I’m predisposed to like any Indian restaurant, and I was a little less thick-skinned than usual because the place is so new, but do not let that diminish the effect when I say I was impressed.
For starters, Chutney is more elegant than Reno’s average Indian restaurant. The lighting is low and austere, the background music is tastefully traditional sitar-and-tabla music, and the colors are all muted browns and blacks. The overall effect feels surprisingly sophisticated for a restaurant that’s only serving a buffet. And the kitchen is visible behind glass from the dining area; a nice touch.
I was dining with my girlfriend, Sara, and our friends Kaleb and Kira. Our meal started out with the Indian equivalent of chips and salsa: papadum and chutney. Papadum is a kind of big cracker and chutney, the namesake stuff of the place, is a relish or sauce made of crushed or diced fruits and vegetables and seasoned with chili peppers and other spices. Chutney serves a variety of different chutneys, including an excellent mint chutney. They’re all good, though the sweet-tomato chutney tastes exactly like straight-from-the-bottle ketchup.
The buffet was quite diverse, and though Indian buffets are inevitably less spicy than their a la carte counterparts, there were still curry dishes spicy enough to enthrall adventurous diners like me. And mild dishes to console all the wimps of world cuisine.

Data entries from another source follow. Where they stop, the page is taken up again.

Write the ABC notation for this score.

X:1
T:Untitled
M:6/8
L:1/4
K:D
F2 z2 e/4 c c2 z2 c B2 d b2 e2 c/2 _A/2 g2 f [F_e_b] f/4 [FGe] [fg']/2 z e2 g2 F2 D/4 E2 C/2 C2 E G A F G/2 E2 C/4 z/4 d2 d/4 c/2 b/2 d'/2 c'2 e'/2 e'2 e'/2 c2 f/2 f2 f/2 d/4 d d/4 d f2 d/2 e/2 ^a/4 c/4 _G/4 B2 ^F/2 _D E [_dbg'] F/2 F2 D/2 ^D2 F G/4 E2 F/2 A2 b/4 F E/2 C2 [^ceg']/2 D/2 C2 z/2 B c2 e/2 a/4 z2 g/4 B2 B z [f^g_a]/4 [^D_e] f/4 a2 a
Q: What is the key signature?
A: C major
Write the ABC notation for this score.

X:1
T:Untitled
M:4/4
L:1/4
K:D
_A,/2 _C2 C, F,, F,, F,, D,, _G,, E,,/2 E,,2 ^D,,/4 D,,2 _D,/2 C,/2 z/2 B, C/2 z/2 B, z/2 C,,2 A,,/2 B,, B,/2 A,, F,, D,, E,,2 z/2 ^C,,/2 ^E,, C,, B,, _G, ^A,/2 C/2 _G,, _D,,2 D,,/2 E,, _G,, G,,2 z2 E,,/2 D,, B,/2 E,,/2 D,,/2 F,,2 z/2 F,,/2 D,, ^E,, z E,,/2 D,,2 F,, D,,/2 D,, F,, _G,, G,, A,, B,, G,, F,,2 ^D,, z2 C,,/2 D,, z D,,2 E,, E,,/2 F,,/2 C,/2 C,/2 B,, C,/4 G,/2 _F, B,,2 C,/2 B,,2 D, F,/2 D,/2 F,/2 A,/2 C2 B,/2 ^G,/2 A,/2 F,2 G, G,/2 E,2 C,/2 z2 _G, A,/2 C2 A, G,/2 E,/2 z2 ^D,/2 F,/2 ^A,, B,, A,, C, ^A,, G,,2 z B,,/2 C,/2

Part of my love for Indian food stems from the years I spent as a vegetarian during my misguided youth. Nobody makes excellent meatless dishes like the Indians do. Even so, I now tend to gravitate towards the meat dishes: the lamb curry and the buttered chicken are fantabulous, and the tandoori chicken is strikingly juicy and flavorful.
The service was friendly and enthusiastic, though a little sloppy. Two different people tried to take our drink orders and, even more awkwardly, they brought us the bill twice, the second time after we’d already paid the first. (And, oddly enough, the totals were different.) But these are just the minor mishaps of a new restaurant that has yet to find its sea legs. After they get their bearings, I don’t think they’ll have these problems. Besides, it’s a lot easier to fix problems with service than it is to fix problems with food.
As we were leaving, talking about the meal, Kira admitted that she enjoyed the restaurant even though she was “not usually a big fan of Indian food.” For a big fan like me, this was shocking. But she brought up the relatively valid point that Indian dishes often “look like disgusting mush.” She was (partially) won over by chutney, and that’s what makes for the impressive cuisine: eclectic and electric enough to appease the connoisseur, and accessible enough not to offend the less enthusiastic.
Chutney pleases both the lover and the hater.